Among the important measures of our nation's wellness, the problem of overweight kids is reaching a critical threshold. Our children could be the first generation to have a shorter life span than their parents. That's not only sad, it's unacceptable.
We should waste no time in turning this tide. Obesity is producing skyrocketing rates of associated illnesses, such as diabetes, hypertension and heart disease. But in an unconscionable failure to confront the looming crisis, medical professionals often don't deal with the problem until disease is already present.
Health insurance plans vary in how they handle young patients who turn up in doctors' offices with an obesity problem. Managed-care plans provide more services aimed at early intervention, but most families are left to cover the costs of seeking expert help if there's no sign of disease.

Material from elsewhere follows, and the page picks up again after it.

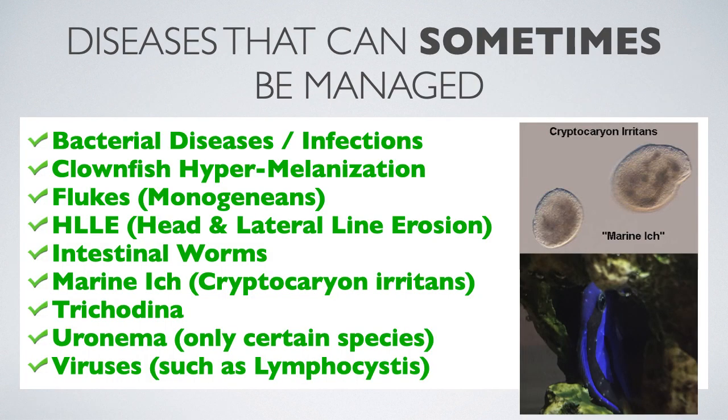On the screen, you will see a long list of diseases which can sometimes be managed in a reef aquarium. You are probably asking yourself, if these diseases can be managed, then why bother to quarantine? The answer is disease management is not always a successful strategy.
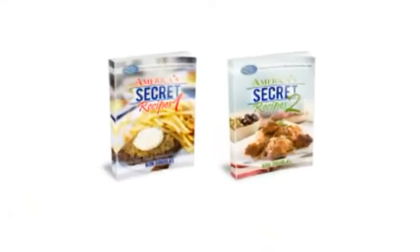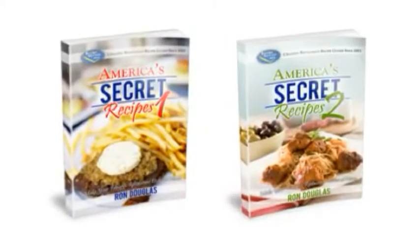In this two-volume cookbook, you'll discover the secret recipes for your family's favorite restaurant dishes. As seen on Fox News, Good Morning America, Home Shopping Network, ABC, NBC, People Magazine, and more, New York Times bestselling author Ron Douglas reveals the jealously guarded secret restaurant recipes that have been kept away from the public for years.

There are exceptions, of course. For example. the Hawaii Medical Services Association has outreach programs in schools and the community, and one of its health plans has a "teen health pass," an annual workup that offers the adolescent a lifestyle-changing guidance.
But there's less help for younger children, which is counterintuitive. Unhealthy habits — the source of many illnesses — begin early in life.
It's a concern of the Pediatric Foundation of Hawaii, which, along with the American Academy of Pediatrics' Hawai'i chapter and funds from HMSA Foundation, has launched an effort to give doctors and families an assist through a new toolkit for distribution to pediatricians.
The kit provides health-history questionnaires for patients and parents. It also includes very practical suggestions on portion sizes — an essential element in all weight-control programs — and ideas on boosting physical activity.
This is an acutely needed resource for doctors, whose efforts should be backed by insurance providers.
These companies need to examine their policies on covering referrals to behavior-modification services. It's an investment that's sure to pay off in better health for our keiki in the long term. Who can argue with that?